Film Blood menampilkan Jess (Michelle Monaghan) dan Patrick (Skeet Ulrich) yang bercerai. Kedua anak mereka, Tyler (Skylar Morgan Jones) dan Owen (Finlay Wojtak-Hissong) ikut Jess yang berprofesi sebagai tenaga kesehatan.
Advertisement
Jess membawa kedua anaknya pindah ke rumah baru di kawasan terpencil. Suatu hari, Tyler dan Owen mengajaknya anjing mereka, Pippen, ke bekas danau. Sebuah pohon dengan batang berlubang dan dahan meranggas berada di sana.

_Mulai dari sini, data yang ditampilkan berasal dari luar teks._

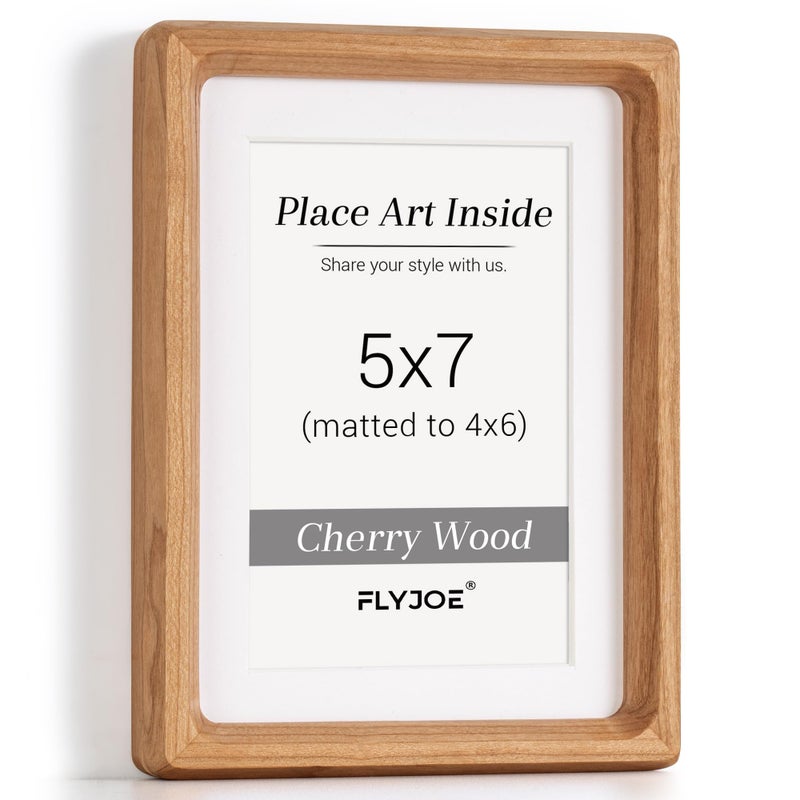 FLYJOE 5x7 Picture Frame  USA-Sourced Natural Cherry Wood Photo Frame with Tempered Glass  Handcrafted Rounded Corner 5 x 7 Wooden Frame Matted to 4x6 Photos  Wall or Tabletop Display - Image 1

Kecelakaan terjadi. Pippen terjebak dalam kubangan lumpur lalu raib. Hari mulai gelap. Kedua bocah ini pulang ke rumah dengan raut wajah muram. Berikut resensi film atau review film Blood.
Malam Harinya
Malam harinya, Pippen kembali ke kediaman Jess. Aneh, matanya menyala. Anjing ini lantas menggigit leher Owen hingga mengalami perdarahan hebat lalu dilarikan ke rumah sakit.
Owen selamat setelah mendapat donor darah. Suatu malam, Jess memergoki Owen terjaga, meraih kantong darah dan meminumnya. Jess syok berat, Owen telah berubah. Tak seperti dulu.

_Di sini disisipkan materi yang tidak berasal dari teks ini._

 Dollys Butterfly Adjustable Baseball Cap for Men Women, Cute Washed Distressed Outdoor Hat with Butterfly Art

* BACA BERITA TERKINI LAINNYA DI GOOGLE NEWS
Tanda Tanya Besar
Tanda tanya besar dalam Blood adalah apa atau siapa yang bersemayam dalam pohon maupun danau yang mengering itu. Ada penjelasan samar-samar di awal film namun Brad Anderson berfokus pada dampak. Bukan mencari sumber teror.

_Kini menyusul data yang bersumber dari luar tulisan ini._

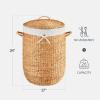 imageBest Choice Products Round Laundry Hamper wLid Handwoven Laundry Basket Builtin Handles amp Removable Liner for Clothes Towels Blanket amp Storage Organization  ChestnutNatural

Mulanya, penonton berpikir Blood menggiring audiens untuk mencermati akibat fatal dari menjelajah ke kawasan wingit yang tak dikenal lalu kembali ke sumber teror untuk mencari solusi. Nyatanya, Blood malah asyik mengulik pertalian Jess dan Owen.
Tak Lagi Jadi Horor
Blood tak lagi menjadi horor melainkan drama keluarga yang memaparkan dampak dan upaya bertahan sembari bertumpu pada referensi pengetahuan para tokoh. Jadilah di sepanjang film, kita melihat konflik keluarga dan dampak teror.
Hingga menit akhir, tak ada titik terang atas apa yang terjadi di sepanjang film. Blood menjadi horor suram nan muram dengan atap drama yang terlalu lebar. Sementara pilar horor yang dibangun sejak menit awal tertutup oleh atap yang kelewat besar itu.